A common way to start talking about the EPR “paradox” is with the parable of Bertelman’s socks.
One is green and the other red, and sadly for poor Bertelman, they have been separated and shipped to opposite ends of the universe in boxes to be opened by Alice and Bob.
No-one is surprised to hear that when Alice opens her box and sees a green sock then she knows immediately that Bob’s box contains a red sock. We all know that she could have been informed ahead of time about Bertelman’s sartorial oddity, and of course the socks both started out together. So no-one thinks that Alice’s ability to predict what Bob will see indicates some mysterious ability to instantaneously “turn his sock red”.
So there must be something more to the EPR issue than just knowing that if a pair is split into two boxes and if we find one in one box, then the other must be in the other box.
And indeed there is. The quantum problem is not with the values of one property but how those of different properties can be related. Bertelman’s boring socks were just too simple.
But Dr. Fahni’s funny socks socks are another matter. They are actually iridescent!
Depending on how they are illuminated, one is red and one green or one yellow and one blue.
When either Alice or Bob sees one as red then with the same lighting arrangement the other sees a green one and vice versa. And the same goes for yellow and Blue. And also for Orange and Turquoise. (Oh! I forgot to mention that. There is an intermediate lighting setting under which we see orange and turquoise. And there, as we shall see later, is the rub!)

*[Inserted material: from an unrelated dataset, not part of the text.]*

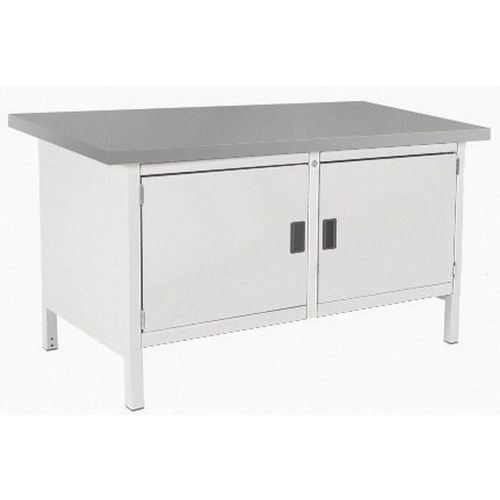 Stół warsztatowy Bott Cubio Storage, 84 x 150 x 75 cm, 2 szafki, linoleum/sklejka - Stół warsztatowy Bott Cubio Storage, 84 x 150 x 75 cm, 2 szafki, l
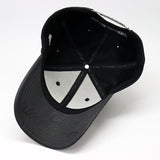 Future Looks Bright Black and Gray Raised Print Snapback Hat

If Alice sees red, then in the same light Bob sees green (and vice versa), but if he looks in the Yellow-Blue light he sees either with equal probability.
And if Alice sees yellow then in the same light Bob sees blue (and vice versa), but if he looks in the Red-Green light he sees either with equal probability.
In fact we can get this randomness just by starting with a drawer full of pairs of socks in which each left sock is any one of RY,GY,RB,GB (with RY meaning that in Red-Green lighting it shows Red and in Yellow-Blue it shows Yellow) and the corresponding right sock is its opposite (ie GB,RB,GY,RY respectively). Now if a pair is drawn at random and sent to Alice and Bob, then if Alice sees Green she knows that in the Red-Green light Bob will see Red but she has no idea what he will see in the Yellow-Blue light. So it may be getting a little bit complicated to arrange, but there’s still no great mystery in either the randomness or the correlation.
But now let’s look at what happens when the Orange-Turquoise measurement is compared to the other two.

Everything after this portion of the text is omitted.